[ACTIVITY]
All pictures must be dropped, while the entries are given again word for word.

(Captioned web images)
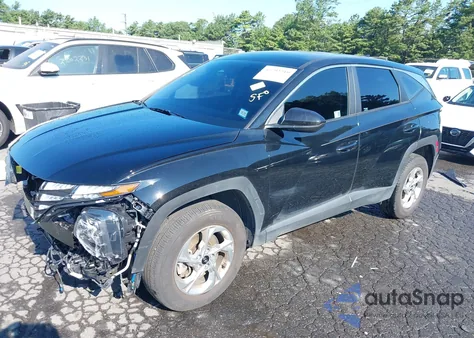 2024 Hyundai Tucson Se из США, поврежденный, VIN 5NMJACDE0RH434389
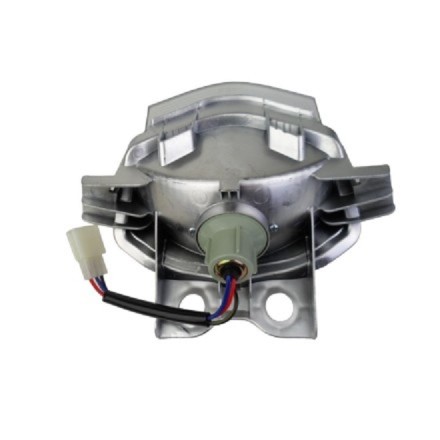 FARO FANALE GRUPPO OTTICO LUCE POSTERIORE TRASPARENTE PER KAWASAKI ER-6N ER6F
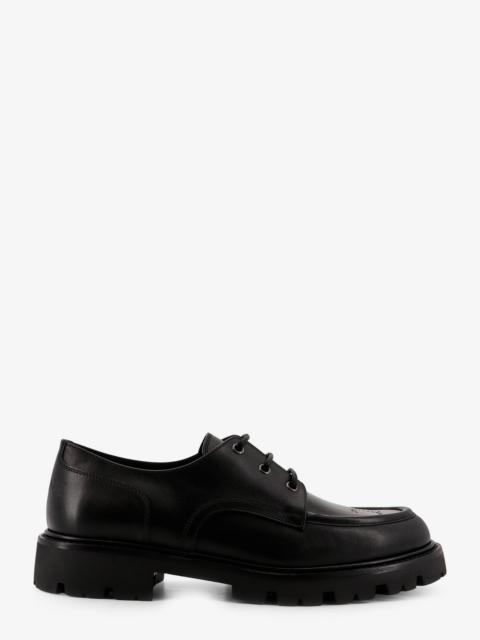 CELINE Celine Men Derby Margaret Leather Lace-Up Shoes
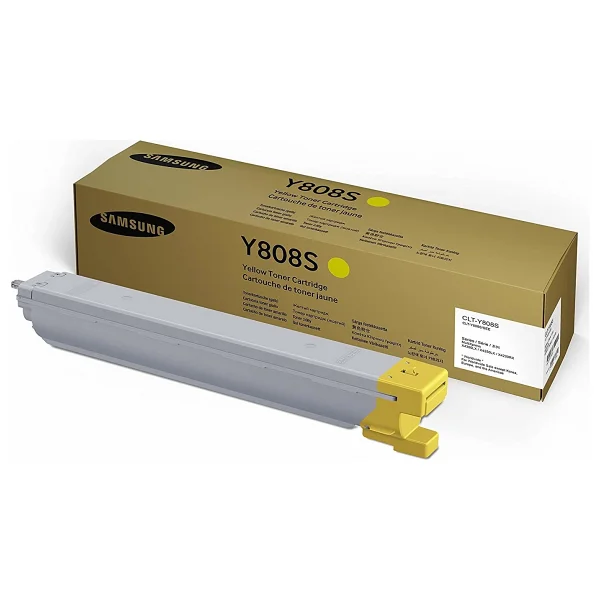 Samsung Clt-Y808s Sarı Toner - Görsel 4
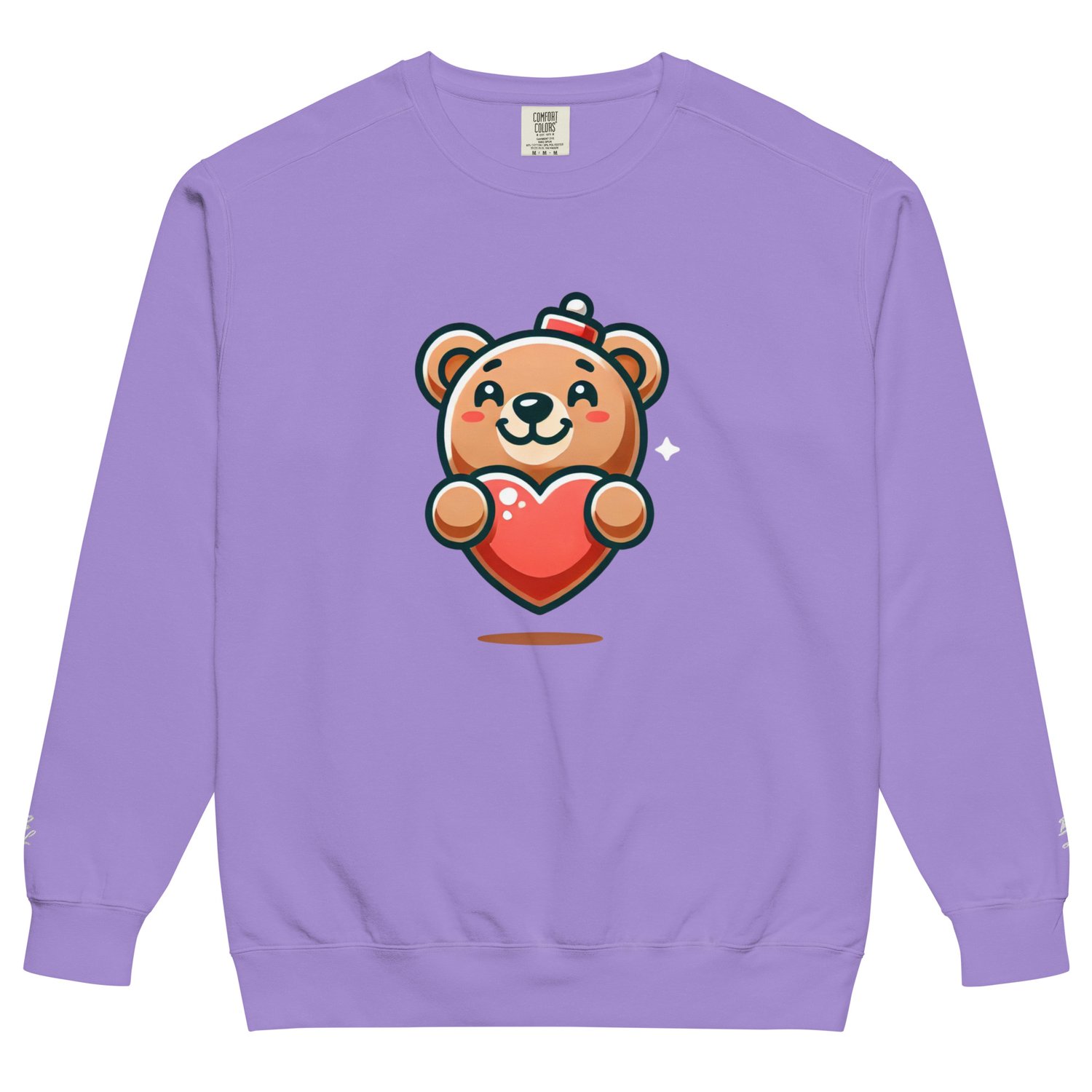 Image of Bliss Lumi Unisex garment-dyed sweatshirt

[ANSWER FOR THIS EXERCISE]
 2024 Hyundai Tucson Se из США, поврежденный, VIN 5NMJACDE0RH434389
 FARO FANALE GRUPPO OTTICO LUCE POSTERIORE TRASPARENTE PER KAWASAKI ER-6N ER6F
 CELINE Celine Men Derby Margaret Leather Lace-Up Shoes
 Samsung Clt-Y808s Sarı Toner - Görsel 4
 Image of Bliss Lumi Unisex garment-dyed sweatshirt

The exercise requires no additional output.